The woman who tutored George Bush Jr. in foreign policy is often recognized for her velvet-gloved forcefulness and her charming personality. Her name, in Italian, means "with sweetness." The press reigns praise on her for her many firsts, her grace under pressure, and her political savvy.

In fact, her charm is such that her former employer, Chevron, named a 130,000-ton oil tanker named after her. And her savvy is such that she had the tanker's name swiftly changed when she took a leave of absence from Chevron and the Hoover Institution to join the Bush administration as National Security adviser.

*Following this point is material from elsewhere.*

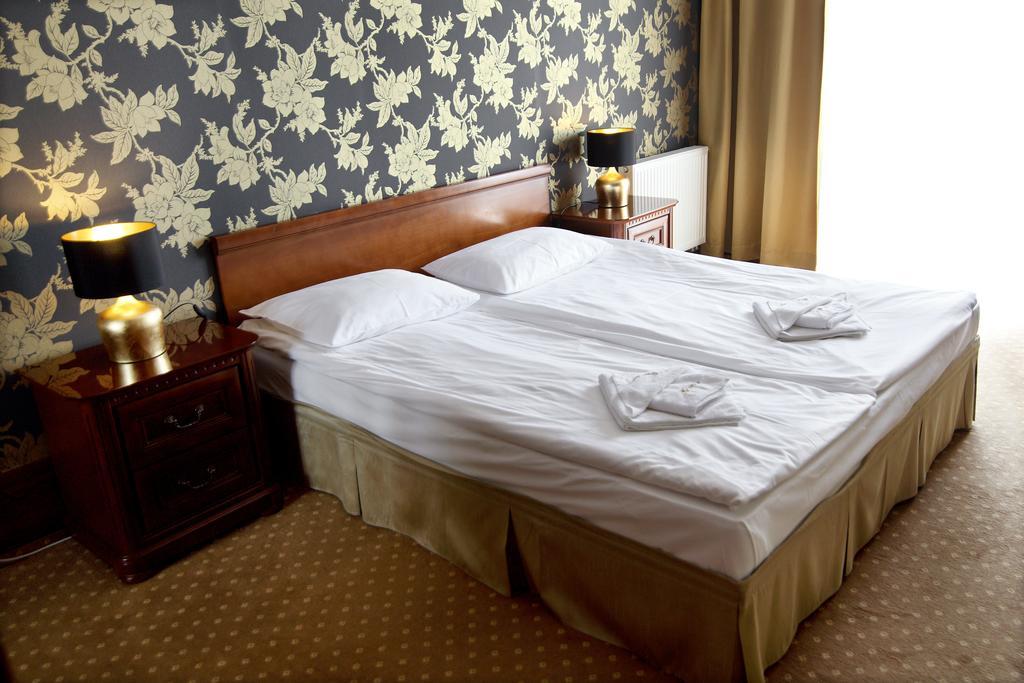 Amadeus Motel Lomza Bagian luar foto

Her biography verily glows. But we'll leave that for you to look into. What's important here is her corporate connections: She was a Chevron Director from 1991 until January 15, 2001 when she was transferred by President George Bush Jr. to National Security Adviser.

Another Chevron Corporation giant in the Bush administration is Vice President Dick Cheney, ex-Chairman and CEO of Halliburton Corporation, the world's largest oil services company. Halliburton has multi-billion dollar contracts with numerous oil corporations including Chevron. Cheney himself was instrumental in negotiating a Caspian Sea pipeline for Chevron. The crude oil pipeline is a 900-mile project stretching from western Kazakhstan to the Black Sea that will primarily benefit Chevron by connecting the Tengiz oil field to the Black Sea port of Novorossiysk in Russia. Chevron, the largest oil company member of the Caspian Pipeline Consortium, holds a 55 percent ownership interest in Tengizchevroil with the Republic of Kazakhstan. The $20 billion joint-venture company was formed in 1993 to develop the Tengiz field. Tengiz is one of the world's largest oil fields with 6 to 9 billion barrels of recoverable oil.

Why is this important? Because of allegations that the Bush Administration declared war in Afghanistan not to combat terrorism, but to make it possible for U.S. oil interests to construct gas and oil pipelines from the Caspian Sea through Afghanistan to Pakistani harbors on the Indian Ocean.

In fact, if the war in Afghanistan succeeded in anything, it was in securing this pipeline potential.

And if Condi's savvy and charm serves for anything, it is to hide her massive corporate conflict of oil interests.